**Your goal:**
From the listing below, restate word for word the lines from the line containing "Preworn Mens Blue" down through the line containing "Top view of beer glass with foam and bubbles". Exclude pictures.

**The data:**
= Beginning of Section =

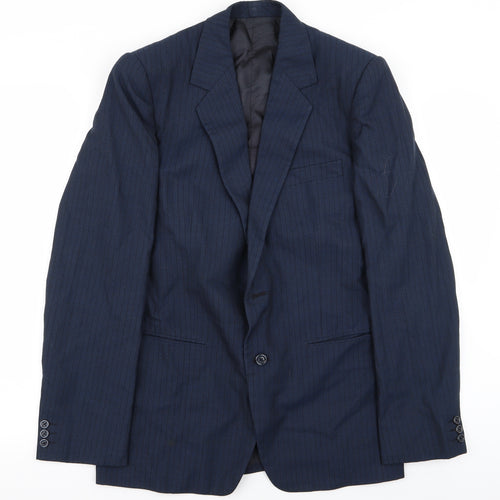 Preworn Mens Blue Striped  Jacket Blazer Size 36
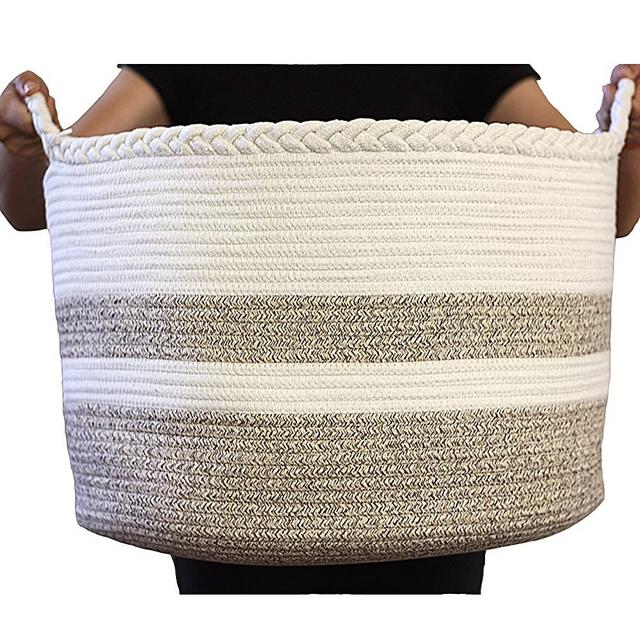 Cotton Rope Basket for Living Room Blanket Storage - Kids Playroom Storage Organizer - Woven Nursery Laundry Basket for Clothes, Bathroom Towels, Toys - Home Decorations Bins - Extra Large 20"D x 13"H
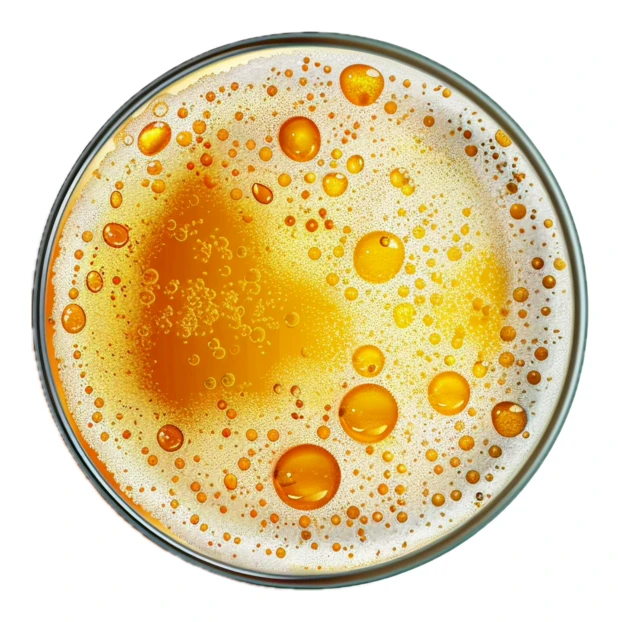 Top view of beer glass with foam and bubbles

= End of Section =
= Beginning of Section =

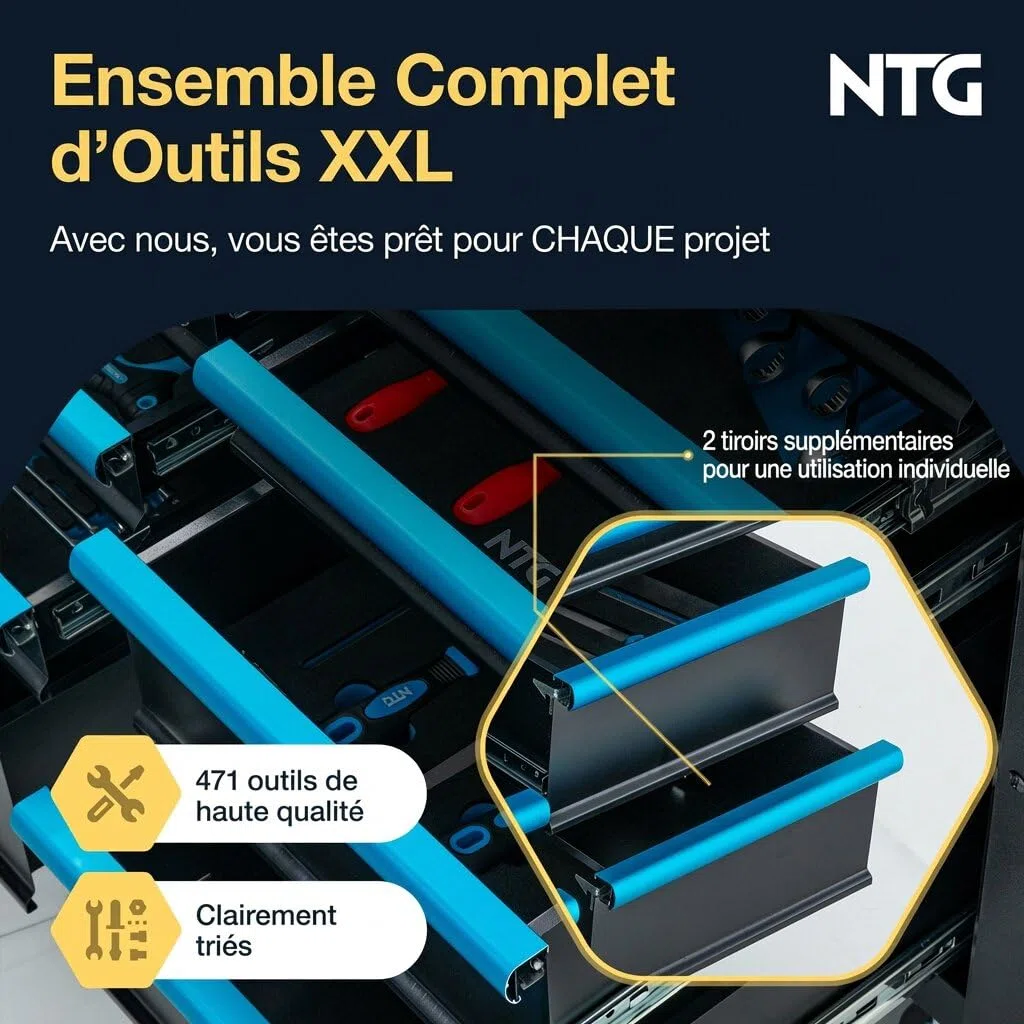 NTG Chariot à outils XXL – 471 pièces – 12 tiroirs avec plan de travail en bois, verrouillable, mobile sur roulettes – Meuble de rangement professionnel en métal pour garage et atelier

= End of Section =

**Expected answer:**
 Preworn Mens Blue Striped  Jacket Blazer Size 36
 Cotton Rope Basket for Living Room Blanket Storage - Kids Playroom Storage Organizer - Woven Nursery Laundry Basket for Clothes, Bathroom Towels, Toys - Home Decorations Bins - Extra Large 20"D x 13"H
 Top view of beer glass with foam and bubbles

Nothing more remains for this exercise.